ATS idenfication and quantification tools
This code still under development
git clone [email protected]:ygidtu/scATS.git
cd scATS
# install scATS as command line tool
python3 setup.py install
**Note: ** if encountered the network timeout issues using python3 setup.py install
, please try to change the pypi mirrors by editing $HOME/.pydistutils.cfg
[easy_install]
index-url=https://mirrors.aliyun.com/pypi/simple/
find-links=https://mirrors.aliyun.com/pypi/simple/
git clone [email protected]:ygidtu/scATS.git
cd scATS
pip install rich click pysam scipy numpy sklearn pybigwig pybedtools
# Or using pipenv
pipenv install && pipenv shell # if encountered pypi mirrors timeout, please modify the pypi mirror in Pipfile
python3 main.py
Usage: main.py [OPTIONS] COMMAND [ARGS]...
Welcome
This function is used to test the function of sashimi plotting
Created by [email protected] at 2018.12.19 :return:
Options:
--version Show the version and exit.
-h, --help Show this message and exit.
Commands:
ats Inference :param debug: enable debug mode
coexp Co-expression Note: The input count file must...
count Postprocess: count ats and calculate psi
isoform Infer isoforms :param debug: enable debug...
Identify ATSs based on aligned BAM files.
➜ afe git:(master) ✗ python main.py ats --help
Usage: main.py ats [OPTIONS] BAMS...
Inference
:param debug: enable debug mode
Options:
-g, --gtf PATH The path to gtf file. [required]
-o, --output PATH The path to output file. [required]
-u, --utr-length INTEGER The length of UTR.

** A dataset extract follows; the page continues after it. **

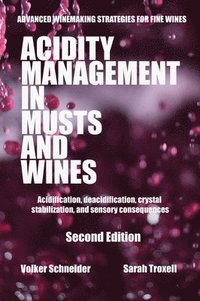 bokomslag Acidity Management in Musts and Wines, Second Edition: Acidification, deacidification, crystal stabilization, and sensory consequences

--n-max-ats INTEGER RANGE The maximum number of ATSs in same UTR.
--n-min-ats INTEGER RANGE The minimum number of ATSs in same UTR.
--min-ws FLOAT The minimum weight of ATSs.

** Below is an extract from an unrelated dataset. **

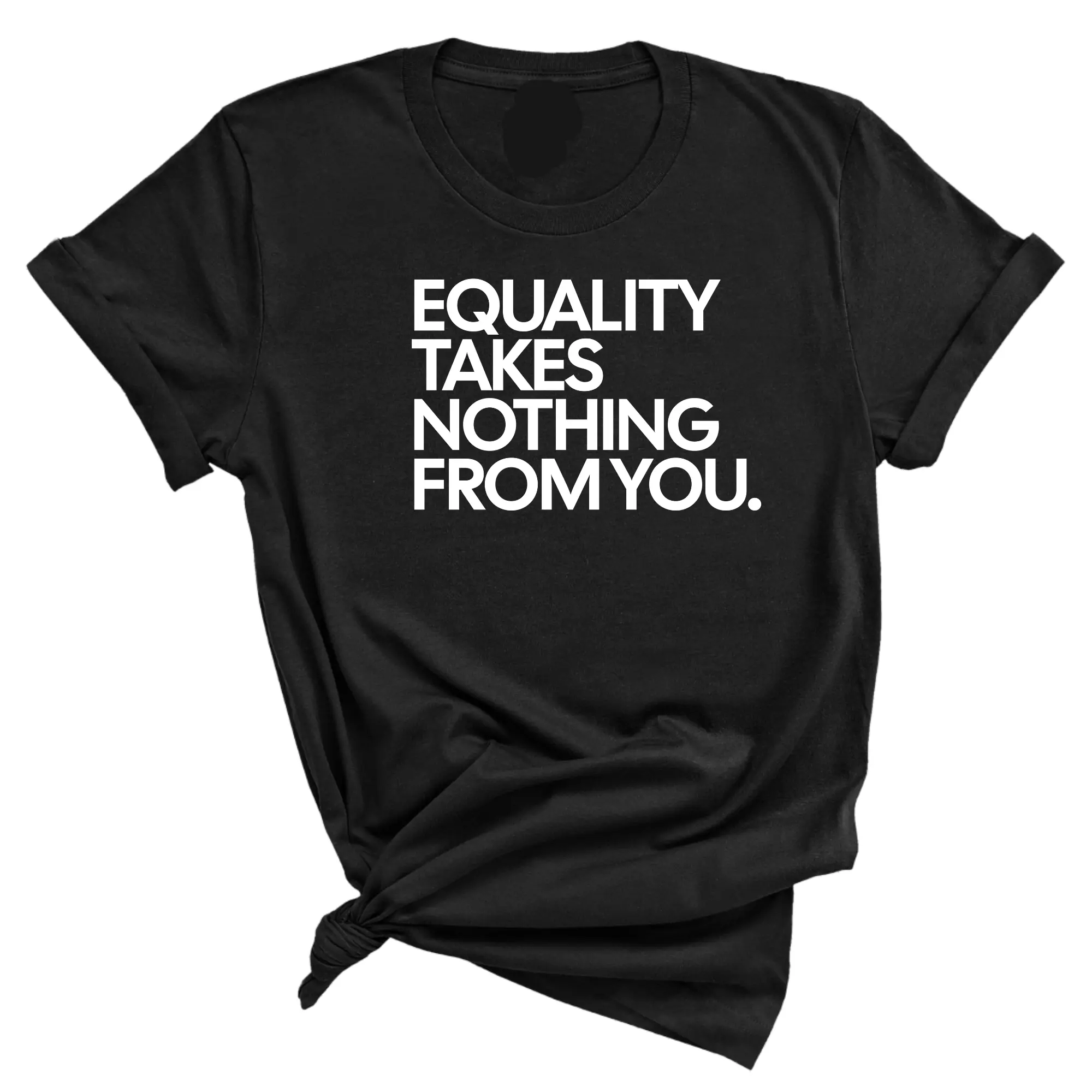 Equality Takes Nothing From You Unisex Tee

--min-reads INTEGER The minimum number of reads in UTR.
--max-unif-ws FLOAT The maximum weight of uniform component.
--max-beta INTEGER The maximum std for ATSs.
--fixed-inference Inference with fixed parameters.
-d, --debug Enable debug mode to get more debugging
information, Never used this while
running.
-p, --processes INTEGER RANGE How many cpu to use.
--remove-duplicate-umi Only kept reads with different UMIs for
ATS inference.
--strict Only kept reads with different UMIs for
ATS inference.
-h, --help Show this message and exit.
Isoform assignment.
➜ afe git:(master) ✗ python main.py isoform --help
Usage: main.py isoform [OPTIONS] BAMS...
Infer isoforms
Options:
-i, --ats PATH The path to utr file, bed format.
[required]
-g, --gtf PATH The path to reference gtf file. [required]
-o, --output PATH The path to output file. [required]
--mu-f INTEGER The mean of fragment length.
--sigma-f INTEGER The standard deviation of fragment length.
--min-frag-length INTEGER The minimum fragment length.
-d, --debug Enable debug mode to get more debugging
information.
-p, --processes INTEGER RANGE How many cpu to use. [1<=x<=48]
-h, --help Show this message and exit.
Quantification of ATSs.
➜ afe git:(master) ✗ python main.py count --help
Usage: main.py count [OPTIONS]
Postprocess: count ats and calculate psi
Options:
-i, --ats PATH The path to inferred ats sites.
-b, --bam PATH The file contains path to bams.
--delimiter TEXT The delimiter of input bam list
-o, --output PATH The path to output utr file, bed format.
-p, --processes INTEGER RANGE How many cpu to use.
-c, --compress Wheter to save in gzip format.
--bulk Wheter the input bam is Nanopore or
PacBio.
-h, --help Show this message and exit.
The go source code under others is used to format and filter the quantification and PSI matrix.